North Central’s Cardinal First—a program for first-generation college students—received the elite Grand Silver Excellence Award and a Gold Excellence Award in a category focused on enrollment management, orientation and support. Gold winners from a variety of categories were further judged for the designations of Grand Gold, Grand Silver and Grand Bronze. The awards were presented at a March 6 luncheon. Nominations are made through a regional selection process before being submitted for national consideration.
“It makes me proud to work at an institution that values and prioritizes its student successes. The journey to a college degree is a road not travelled alone, and it is my privilege to walk alongside our first-generation students throughout their North Central College experience,” said Julie Carballo, director of the College’s First Generation Programs and coordinator for veteran and military student services.
“I’m hopeful that the recognition of Cardinal First will encourage and inspire other institutions to develop similar programs for their first-generation students,” said Carballo.
Cardinal First is designed to mentor and support students whose parents do not have four-year degrees from a college or university.
More than 400 students participate in Cardinal First. The program engages first-generation students from their first day on campus through graduation with a culminating event—the Cardinal First Graduation Recognition and Pinning Ceremony. There are distinct programs for first-years, sophomores, juniors and seniors, along with a program for new first-generation transfer students. Each program has a built-in network of first-generation peers, ambassadors, faculty and staff who offer mentoring and support. Cardinal First Ambassadors are upper-class students who volunteer to be mentors.
“An important part of the program is the ongoing involvement of North Central’s first-generation faculty and staff and the leadership provided by the program’s Ambassadors, making the awards a shared accomplishment,” said Carballo. “They all choose to volunteer and are instrumental to the success of Cardinal First.”
“Cardinal First gave me a support group I didn't know I needed,” says Andrianna Martinez, Class of 2019. “It’s something that keeps me engaged, reminds me why I'm at college and that I am not alone.”
First-year students participate in Cardinal First Fridays—monthly interactive workshops that cover topics like time management, registration and building a winning résumé.
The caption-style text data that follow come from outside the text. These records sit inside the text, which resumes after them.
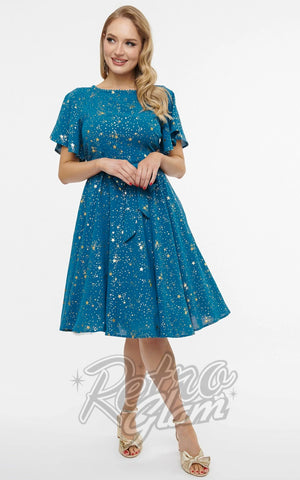 Unique Vintage Teal & Gold Star Swing Dress Unique Vintage Teal & Gold Star Swing Dress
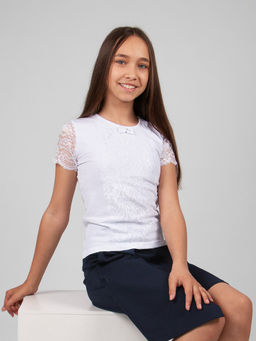 АКЦИЯ Блузка для девочки короткий рукав Соль&Перец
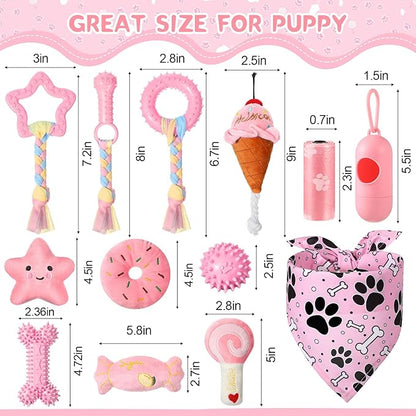 14 Pack Puppy Teething Toys, Chew Toys for Small Dogs Puppy Toys Pink Dog Stuff with Soft Rubber Balls and Colorful Ropes for Small Breed Interactive Accessories(Pink)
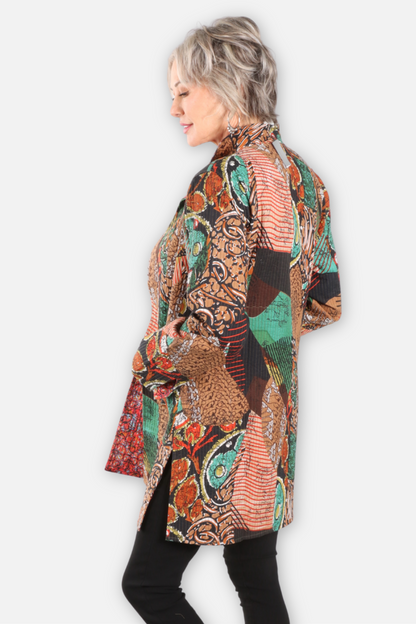 Reversible Quilted Open Duster - Jungle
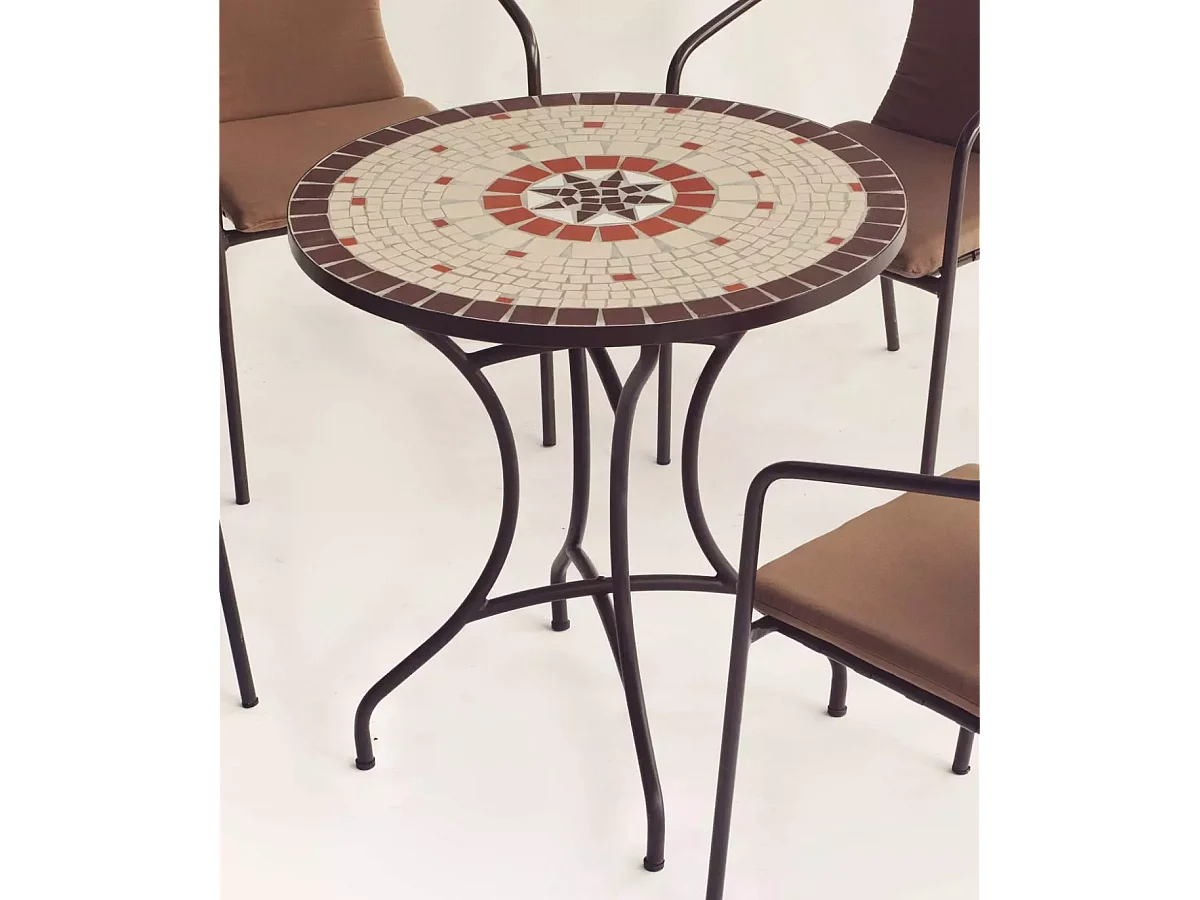 Mesa terraza jardin mosaico Sicilia-75, 75cm(ancho) 75cm(altura) 75cm(fondo)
“The programming is intended to build community among our first-generation students, faculty and staff from their first day of college to their last,” said Carballo. “It connects them with resources, experiences, opportunities and network to help them thrive during their North Central experience and beyond.”
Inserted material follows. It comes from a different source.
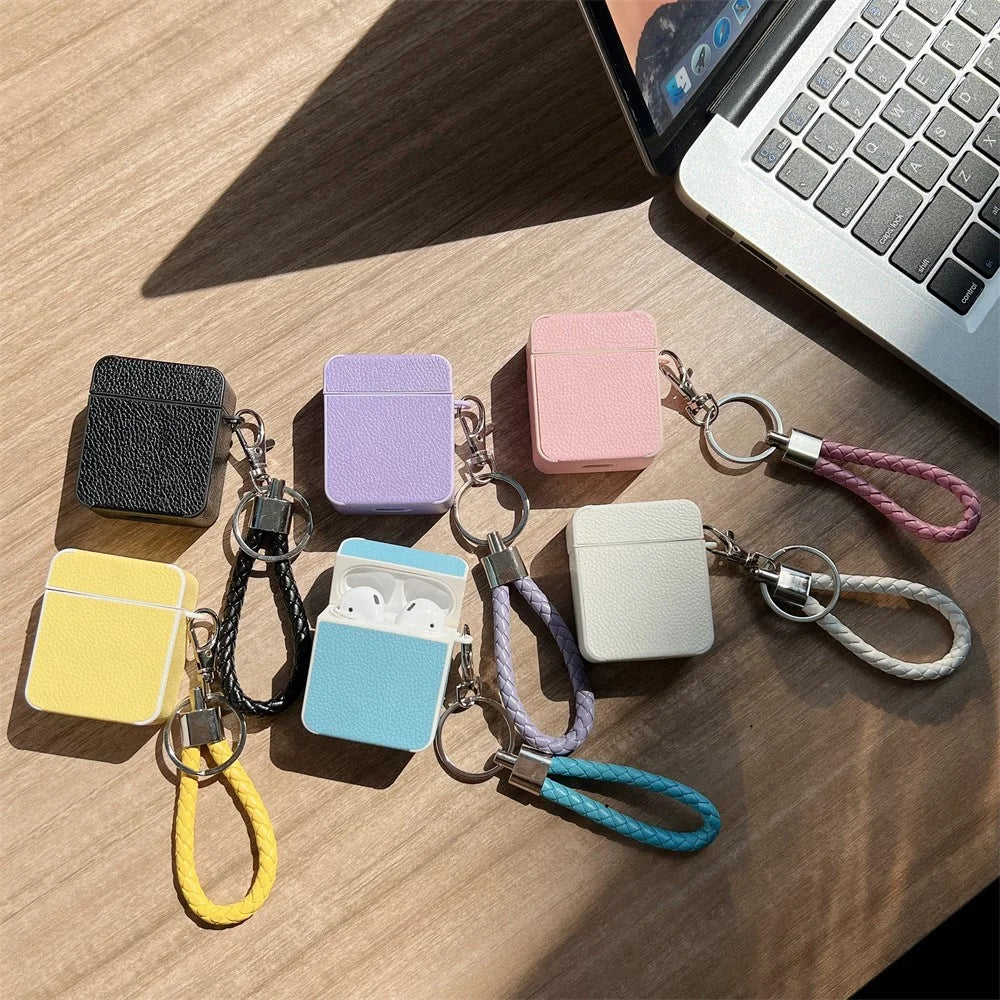 Earphone Case for Apple AirPods with Charging Case (2016) / (2019) / AirPods with Wireless Charging Case (2019) Leather+TPU Litchi Texture Cover - Yellow - 3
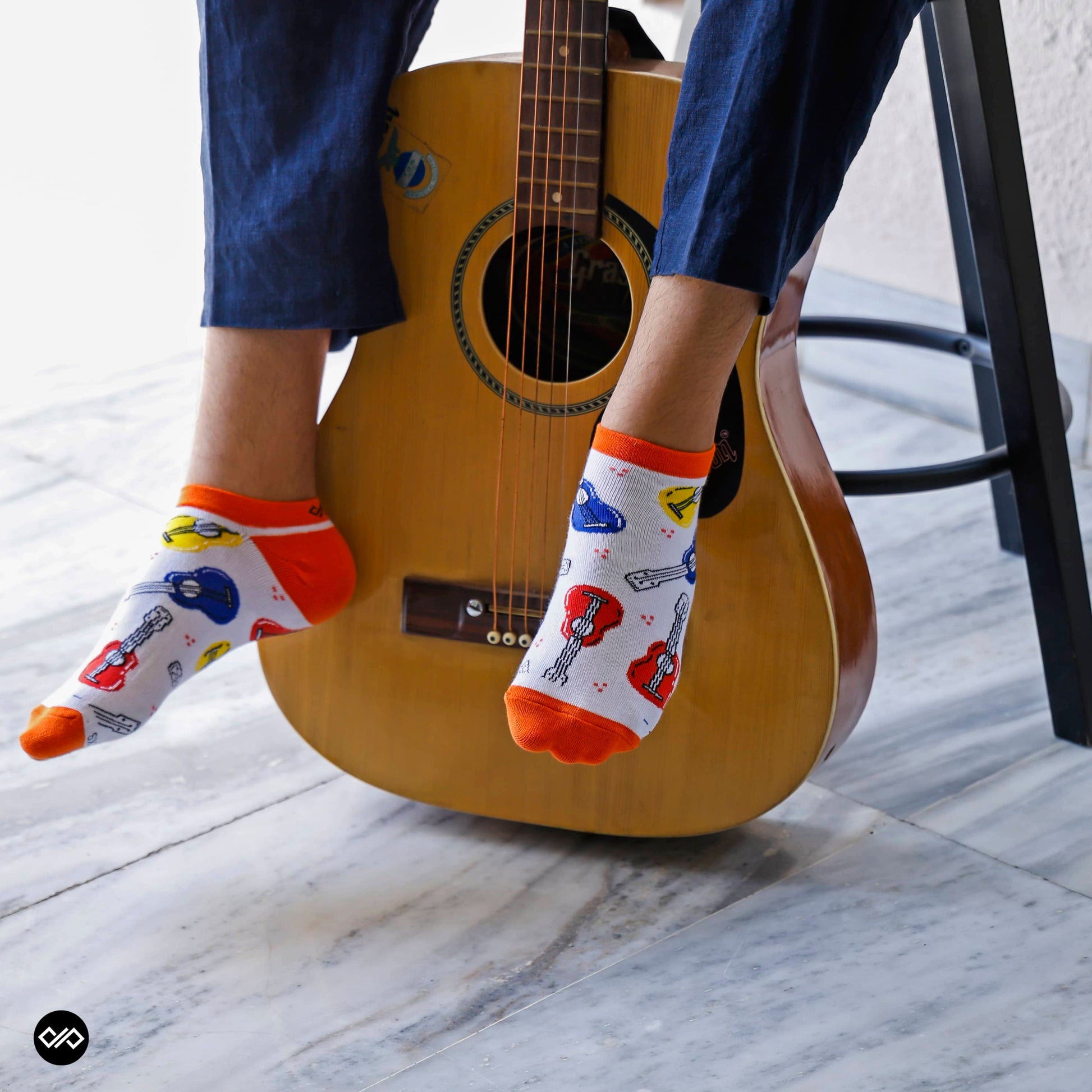 Dynamocks Guitar Low Ankle Length Socks for Men and Women.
In addition to the first-year programming, students attend Sophomore Suppers as well as Penultimate and Homestretch lunch workshops, offering students a chance for networking and professional development up until graduation.
Since the program launched in fall 2015, 95 percent of Cardinal First participants return for their second year at the College.
Cardinal First participants also have the opportunity to apply for a renewable $500 scholarship.
“Since implementing the scholarship, involvement in the program has steadily increased with more than 100 first-year students attending Cardinal First Fridays,” said Carballo. “In addition, more than 100 sophomores have engaged with the Sophomore Suppers.”
The program ends with a pinning ceremony the day before commencement. Students choose a faculty member that was influential to their experience at the College to present them a pin.
“I really wish we had a program like this when I was an undergraduate,” said Stephen Maynard Caliendo, dean of North Central’s College of Arts and Sciences, and active faculty mentor for Cardinal First students.
For Paul Brandt, professor of chemistry, “One of the reasons I am teaching at a small institution such as North Central is that it gives me the opportunity to interact with students to a much greater extent than at a large institution. Cardinal First has student members that are probably not familiar with the way college 'works,’ much as I was not. I’m eager to help out students with any questions they have.”